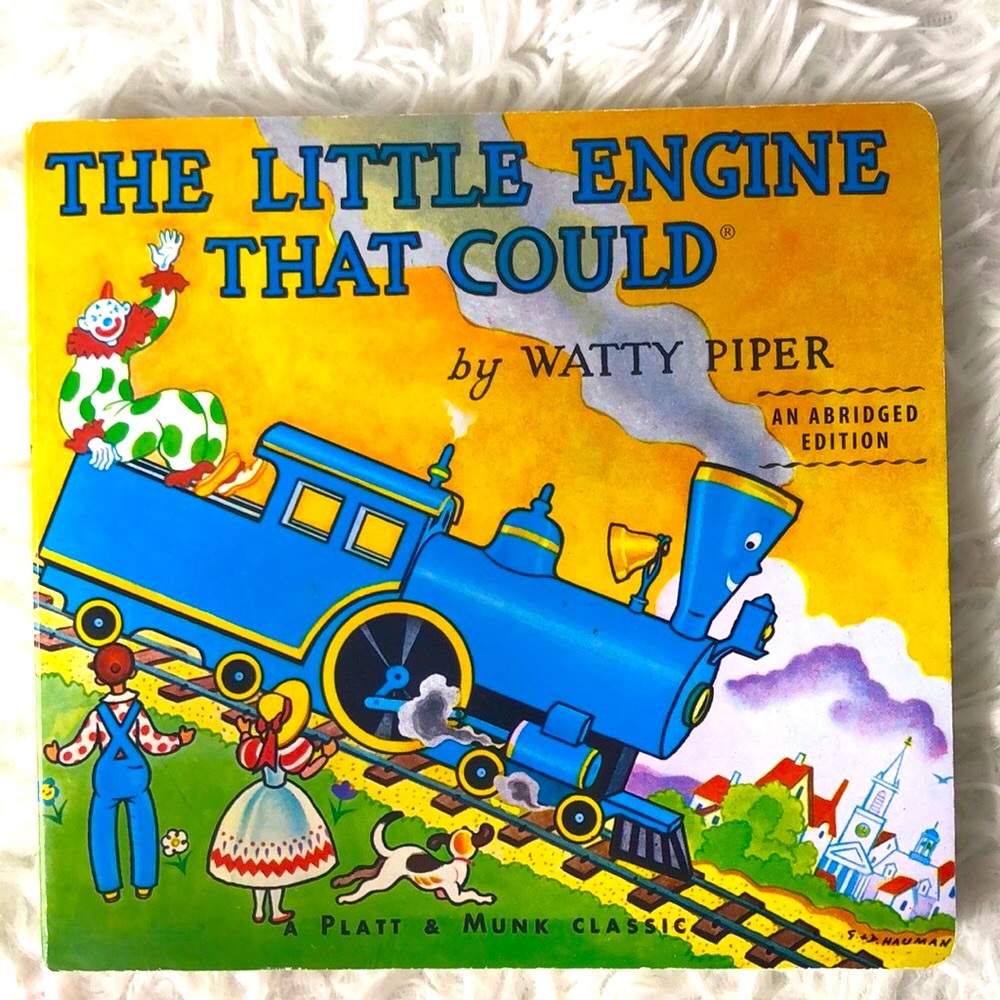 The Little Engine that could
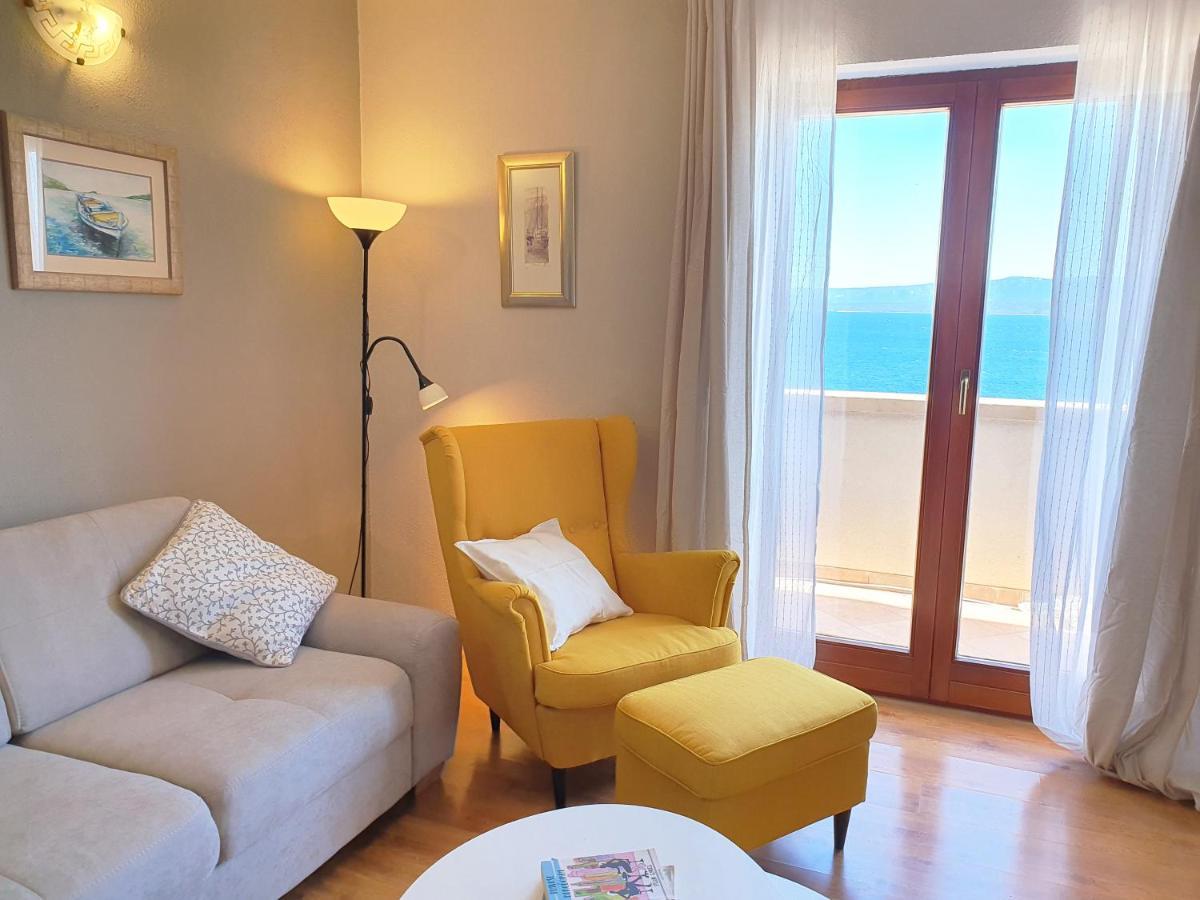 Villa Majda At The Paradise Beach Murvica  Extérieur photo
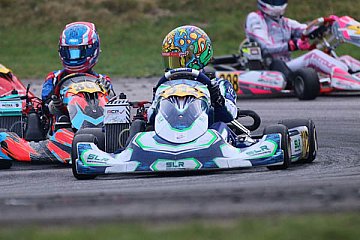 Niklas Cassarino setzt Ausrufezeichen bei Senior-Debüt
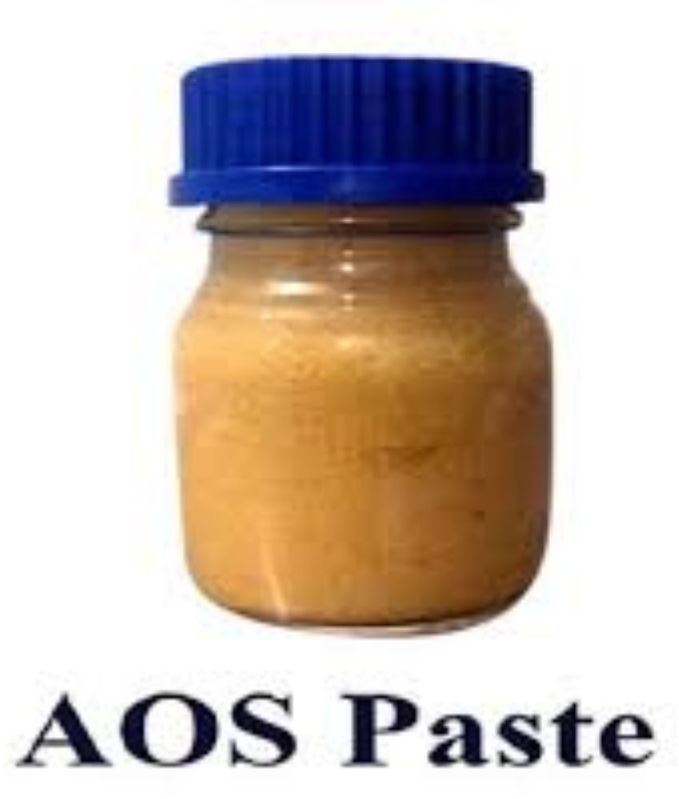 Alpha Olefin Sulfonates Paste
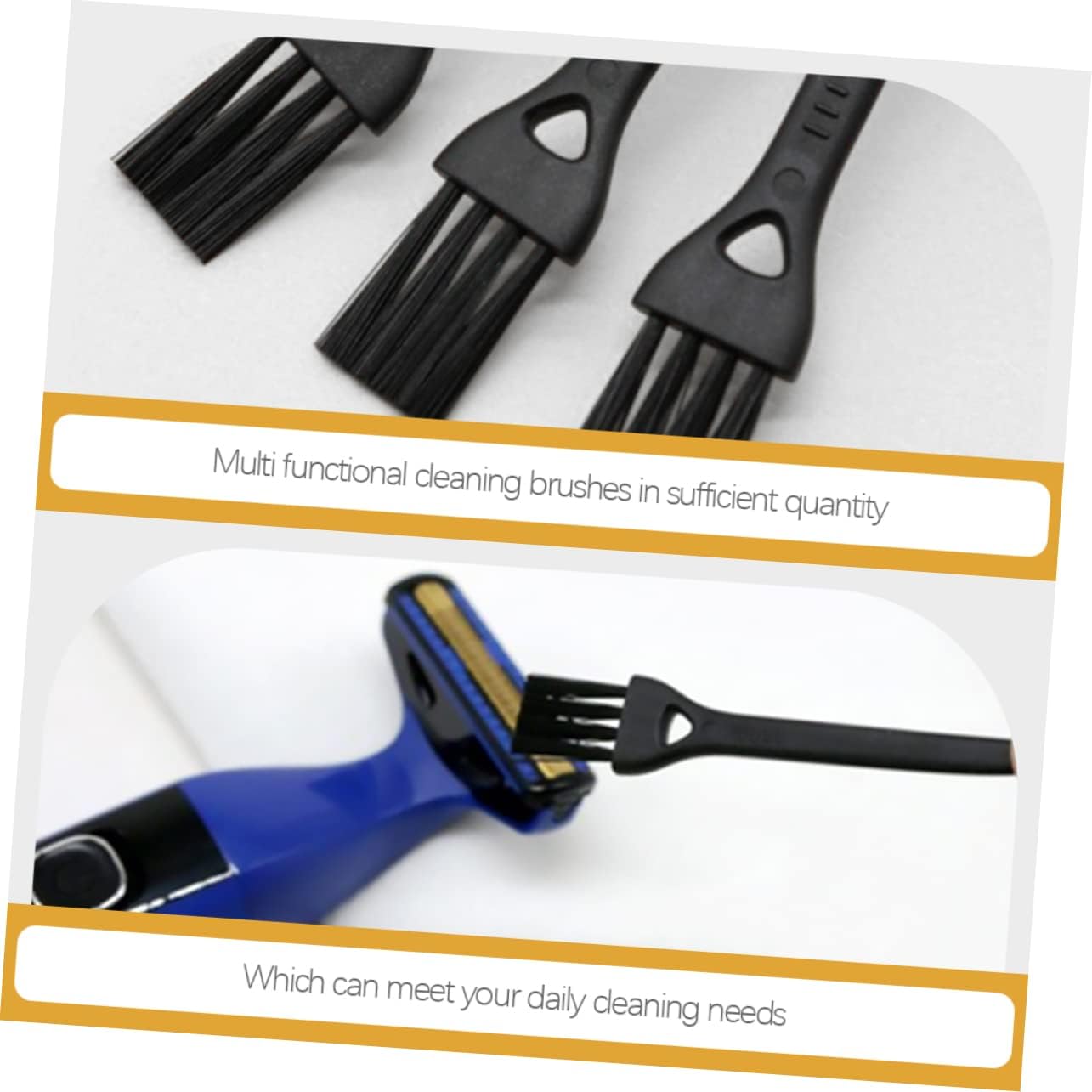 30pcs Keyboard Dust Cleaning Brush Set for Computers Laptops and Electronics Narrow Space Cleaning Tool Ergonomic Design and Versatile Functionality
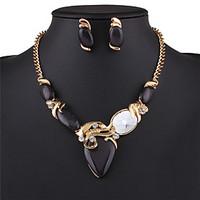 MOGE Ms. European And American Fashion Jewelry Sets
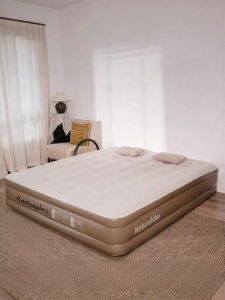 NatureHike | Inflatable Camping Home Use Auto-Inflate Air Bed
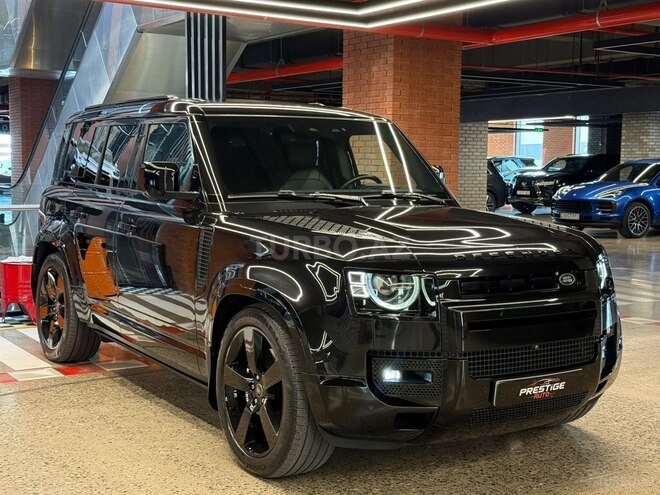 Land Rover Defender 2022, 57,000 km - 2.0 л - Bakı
- - - - - - -
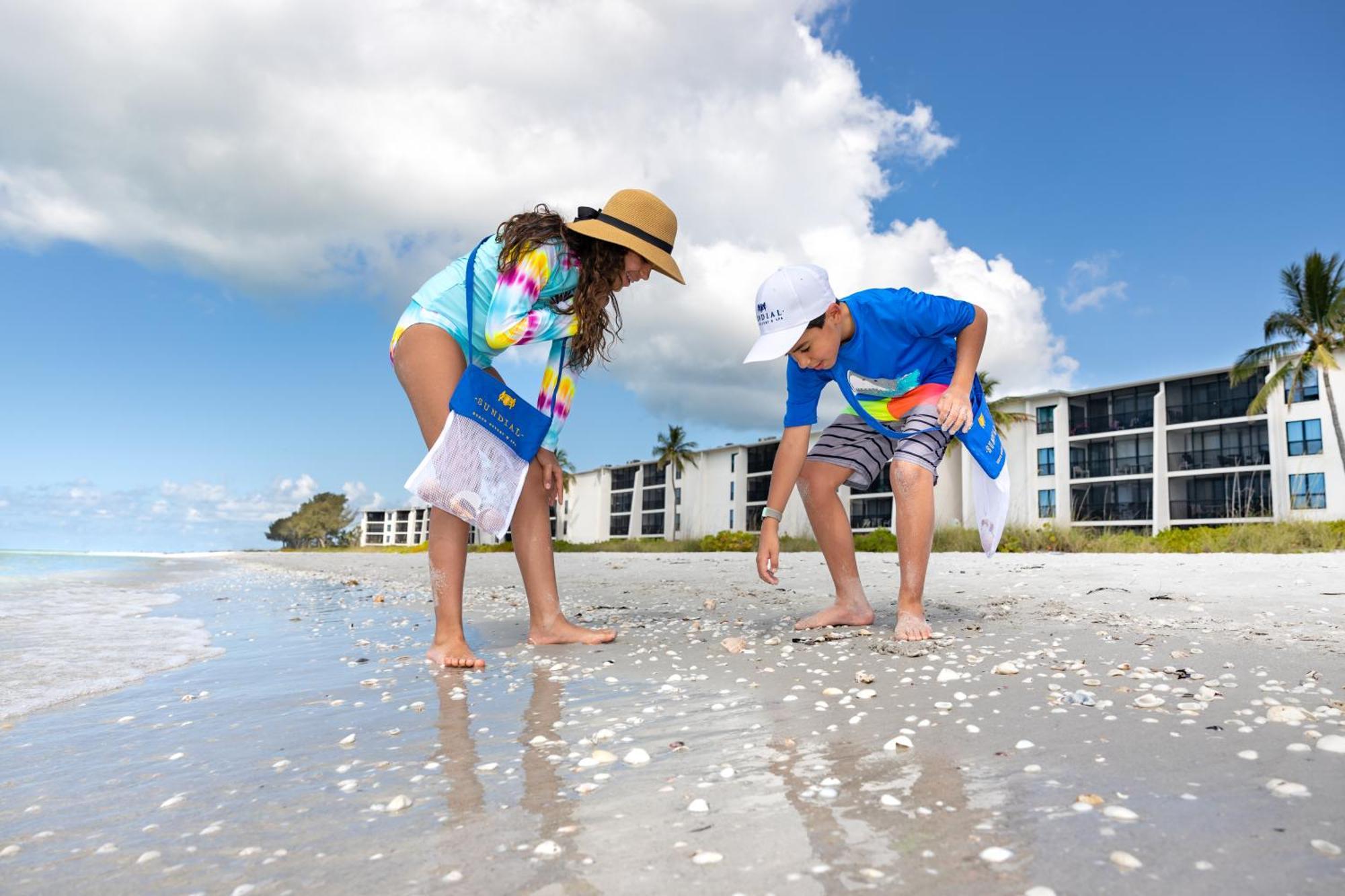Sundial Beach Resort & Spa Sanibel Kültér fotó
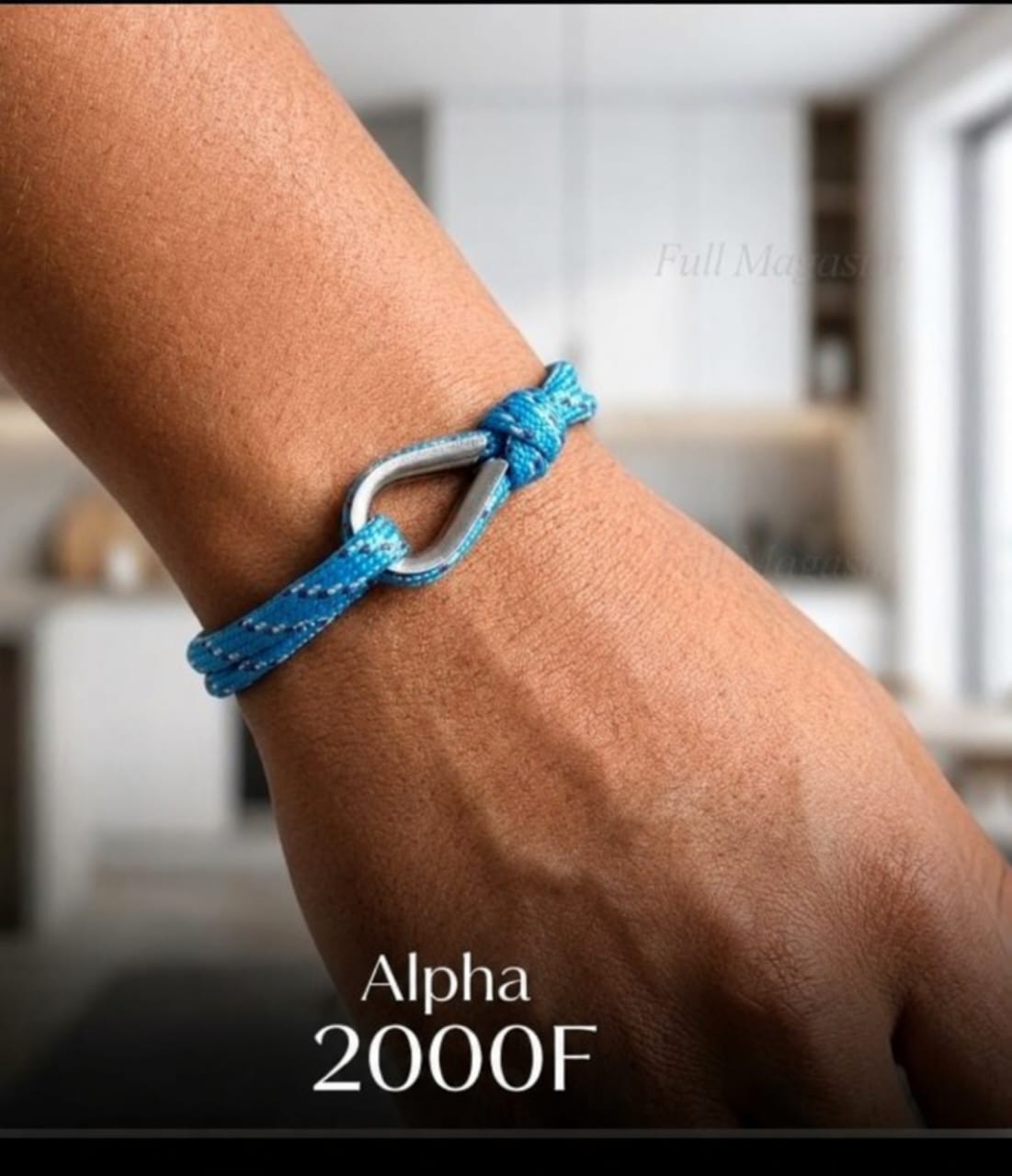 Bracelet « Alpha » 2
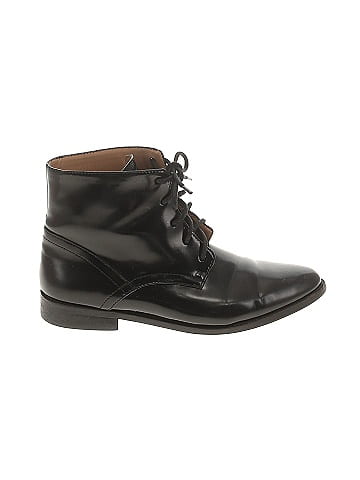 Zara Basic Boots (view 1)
- - - - - - -
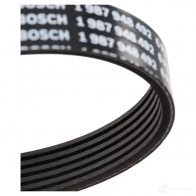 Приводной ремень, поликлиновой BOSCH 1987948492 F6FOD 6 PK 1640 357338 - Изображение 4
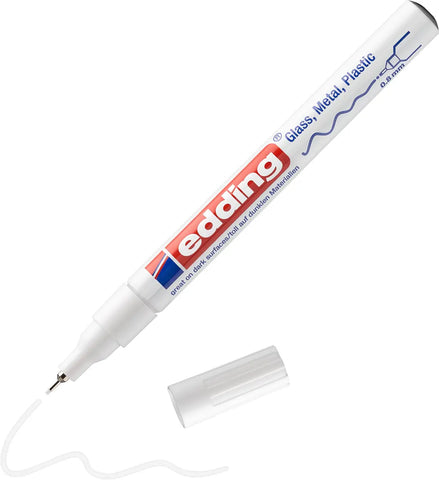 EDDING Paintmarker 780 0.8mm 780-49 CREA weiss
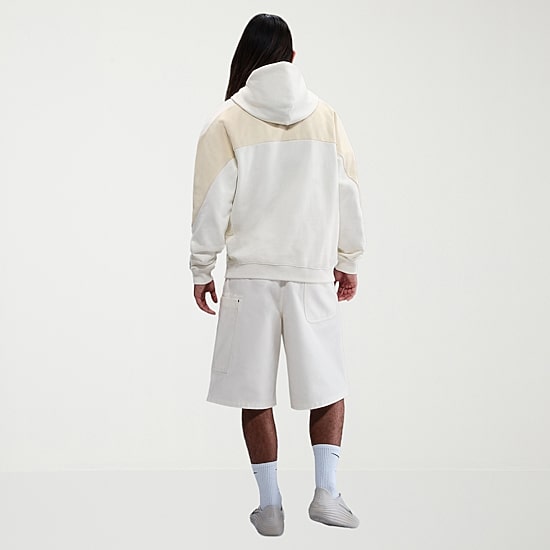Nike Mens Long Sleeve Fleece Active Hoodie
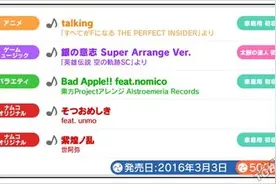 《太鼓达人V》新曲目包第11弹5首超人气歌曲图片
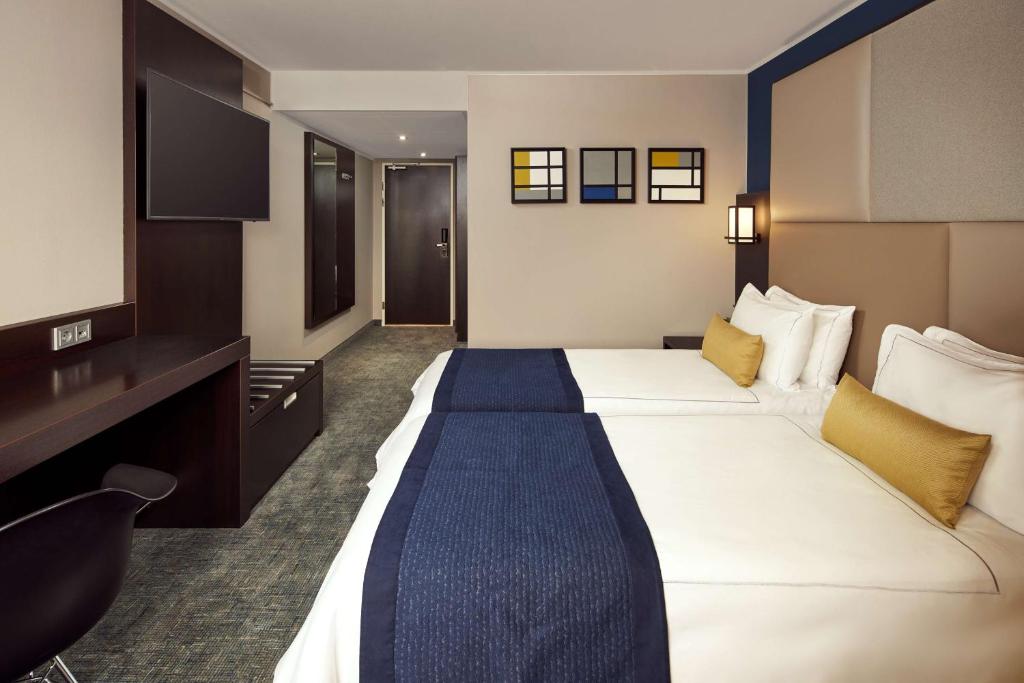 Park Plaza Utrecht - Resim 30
- - - - - - -
▶ [TASK TO CARRY OUT]: Your task is to copy only the lines above starting at the one containing "Villa Majda At" and ending at the one containing "Alpha Olefin Sulfonates Paste". Copy them exactly, both ends included, and omit the pictures.

▶ [RESPONSE AREA]:
 Villa Majda At The Paradise Beach Murvica  Extérieur photo
 Niklas Cassarino setzt Ausrufezeichen bei Senior-Debüt
 Alpha Olefin Sulfonates Paste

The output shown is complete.